One of the made-up facts in media reporting of earthquakes is the obligatory statement that the quake was felt from x location to y location, and usually to 3rd location because reporters love sequences of three. The observations, however, are anecdotal and typically kind of random based on what the reporter has heard and how well he or she understands maps and California geography. The USGS publishes shake maps that show generally where a quake was likely felt, which add a little actual data to the process. But after Sunday's South Napa earthquake, Jawbone — maker of one of those devices some people wear on their wrist to monitor their movement and sleeping — added a new wrinkle to quake reporting. Actual data from those users shows a very graphic spike in when Up wearers started moving. Turns out that almost everybody in the Napa and Vallejo areas got up when the quake hit at 3:20 a.m. and half of those stayed up the rest of the night. In San Francisco and Oakland, just 55 percent of Up users got up.

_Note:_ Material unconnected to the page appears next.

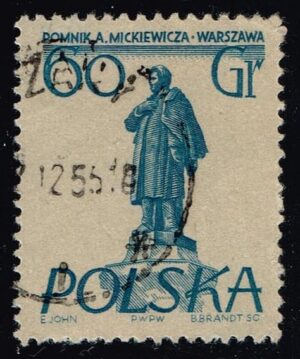 POL0674 04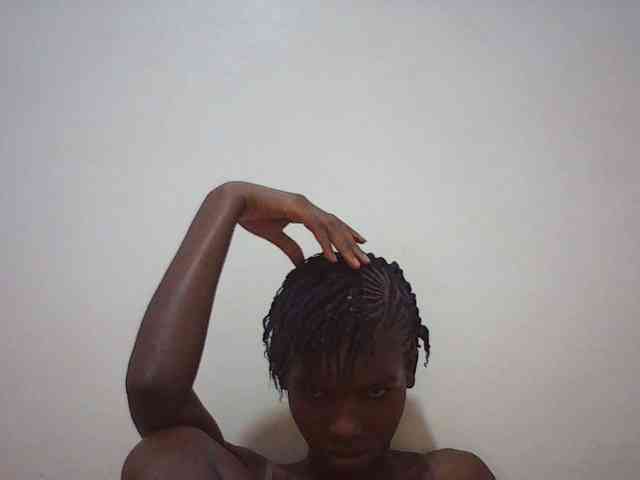 Beautyviny2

From the company's blog, which fed reporters the story and has the graphic in a bigger form:
Napa, Sonoma, Vallejo, and Fairfield were less than 15 miles from the epicenter. Almost all (93%) of the UP wearers in these cities suddenly woke up at 3:20AM when the quake struck. Farther from the epicenter, the impact was weaker and more people slept through the shaking. In San Francisco and Oakland, slightly more than half (55%) woke up. As we look even farther, the effect becomes progressively weaker — almost no UP wearers in Modesto and Santa Cruz (and others between 75 and 100 miles from the epicenter) were woken up by the earthquake, according to UP data.